When I call the number, it doesn’t go well. After my first question Gabby goes silent. Then she hangs up.
Jessica Simmons, a mother of two adopted children, both of whom she found on Facebook, knows the name Gabby, and that telephone number, all too well.
In August 2016, a young woman contacted her on Facebook, saying she was pregnant. She began to fill in forms with Jessica’s adoption agency, giving her name and address: a small town outside Atlanta. Her age: 23.
“After about a month of talking to her every day, I reached out to one of her family members by private message,” says Jessica. The family member told her this was not the first time Gabby had pretended to be pregnant, and not to trust her. There was “nothing anybody could do to stop her” Jessica was told.

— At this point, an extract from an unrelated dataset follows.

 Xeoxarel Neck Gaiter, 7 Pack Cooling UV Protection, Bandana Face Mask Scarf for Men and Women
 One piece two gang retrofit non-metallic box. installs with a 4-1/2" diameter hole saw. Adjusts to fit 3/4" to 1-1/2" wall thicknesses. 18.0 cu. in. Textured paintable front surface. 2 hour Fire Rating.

Three years later, a pregnant 16-year-old from Georgia called a Google Voice number on a Minnesotan couple’s adoption page. As they talked with her for hours, they inadvertently recorded part of a conversation.

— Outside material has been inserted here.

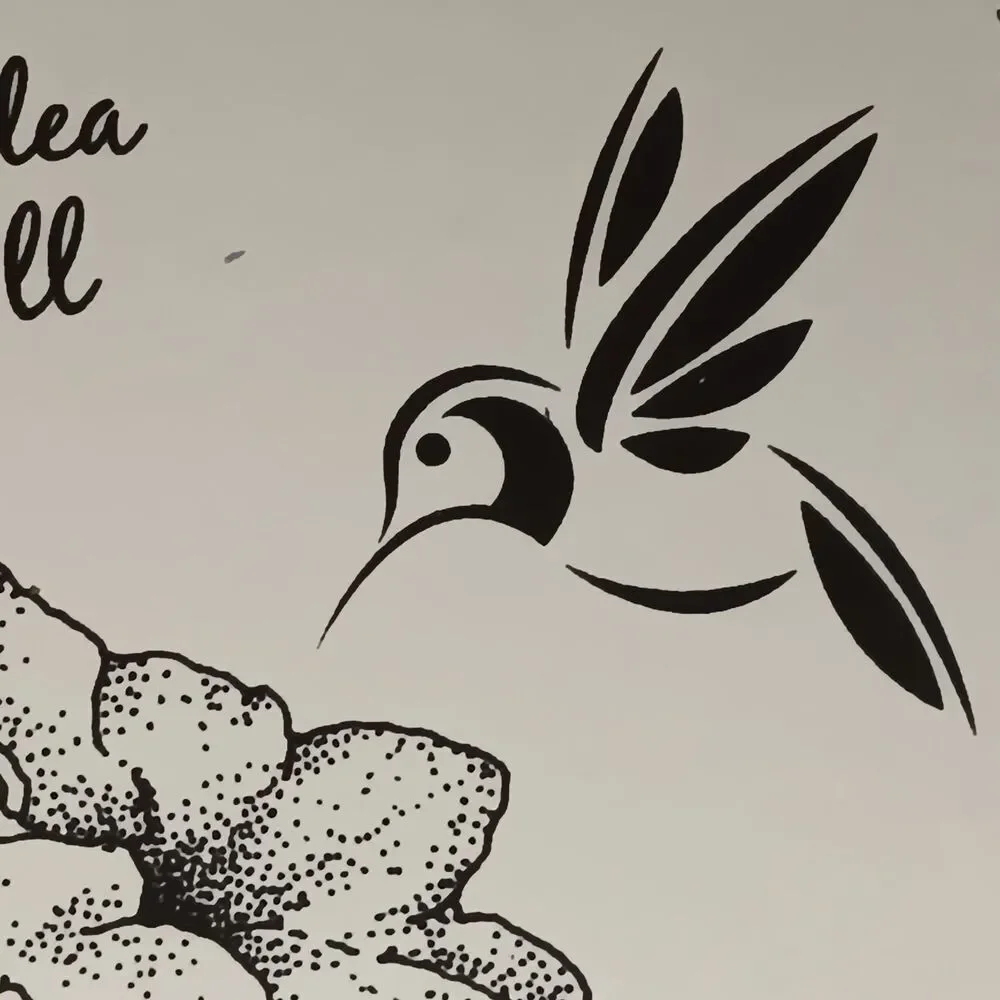 Journal Hummingbird & Flowers On Cover Cream & Black Hardcover 9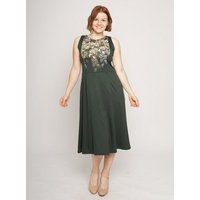 Peaces.bio - handbedruckte Biomode Festkleid Buchenzauber in Dunkelgrün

Listening back to the recording, the young woman’s nasal voice still gets to the wife, making her anxious. “She spoke very low and quiet,” she remembers. “She was very needy and demanding and it made me very uncomfortable.”

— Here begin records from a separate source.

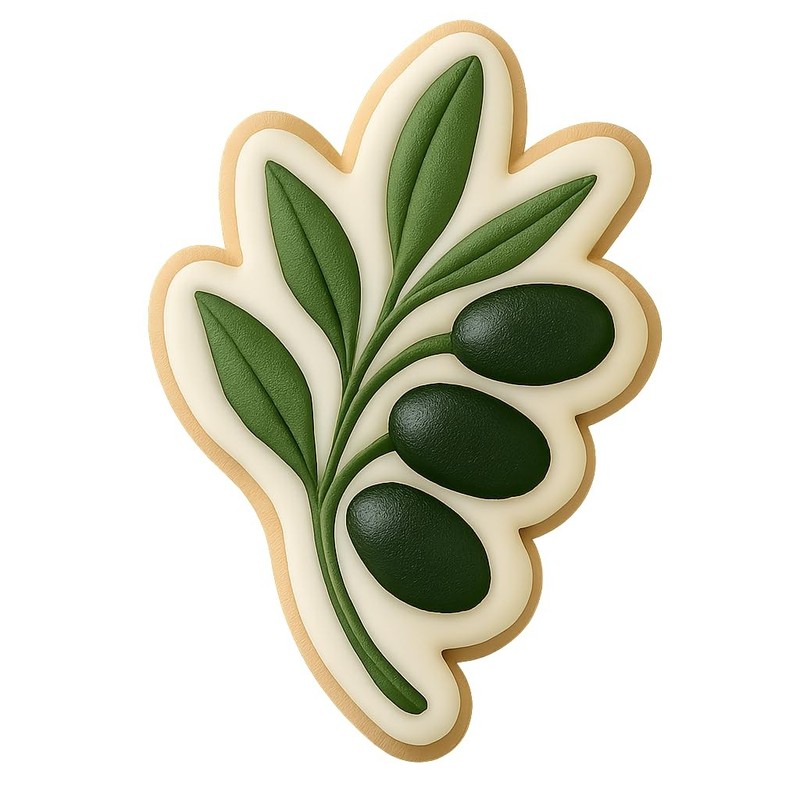 Olive Branch Cookie Cutter – 4×3″ Premium Kitchen Tool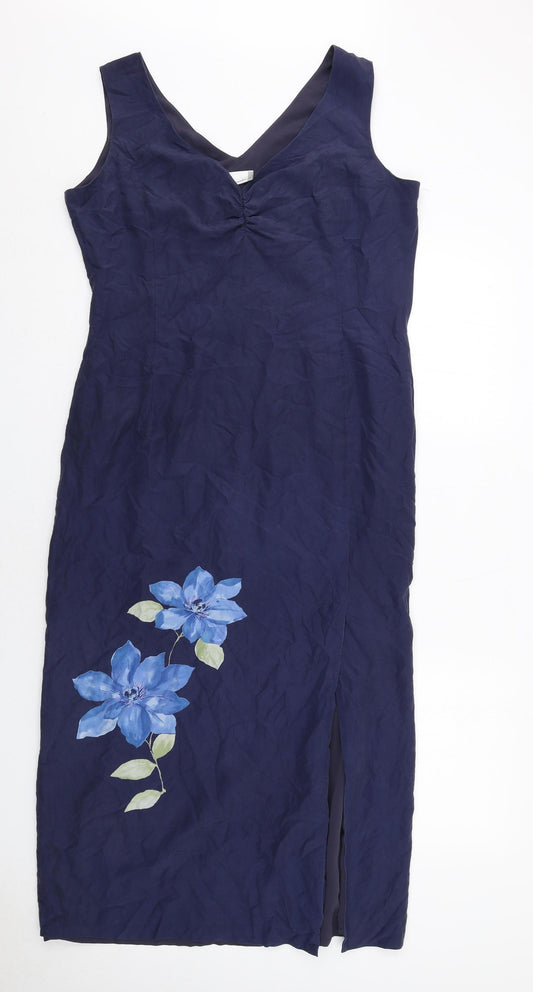 Country Casuals Womens Blue Floral Silk A-Line Size 14 V-Neck Zip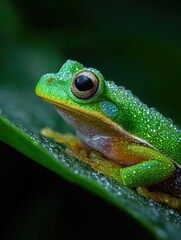Fototapeta premium Bright green tree frog covered in dewdrops sitting on leaf against dark blurred jungle background, vivid macro wildlife portrait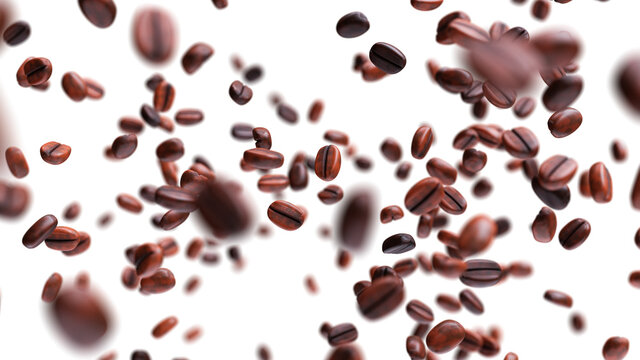 Falling coffee beans isolated on white background. 3d rendering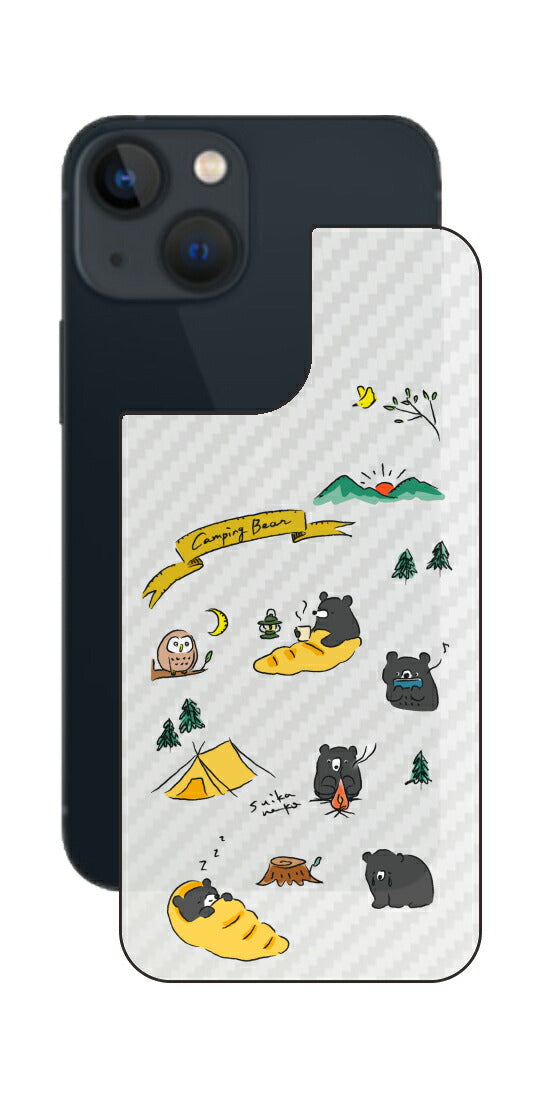 iPhone 13 mini用 【コラボ プリント Design by すいかねこ 004 】 カーボン調 背面 保護 フィルム 日本製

As well as the fake Instagram accounts, Gabby also has a personal one. Photos of a curly-haired girl with glasses sit alongside slime-making videos, in which her voice can be heard – it’s the same as in the recording, and it’s the one I heard on the telephone.
Nothing has been posted on this Instagram account since June 2018. There is no mention of babies, adoption or pregnancy. The list of people she is following is revealing, however. It includes Ashley King.
By the time I speak to Ashley a second time, she herself has come to suspect Gabby may be the woman impersonating her, after stumbling across a bizarre series of messages from her on Facebook, most of which she doesn’t remember having received.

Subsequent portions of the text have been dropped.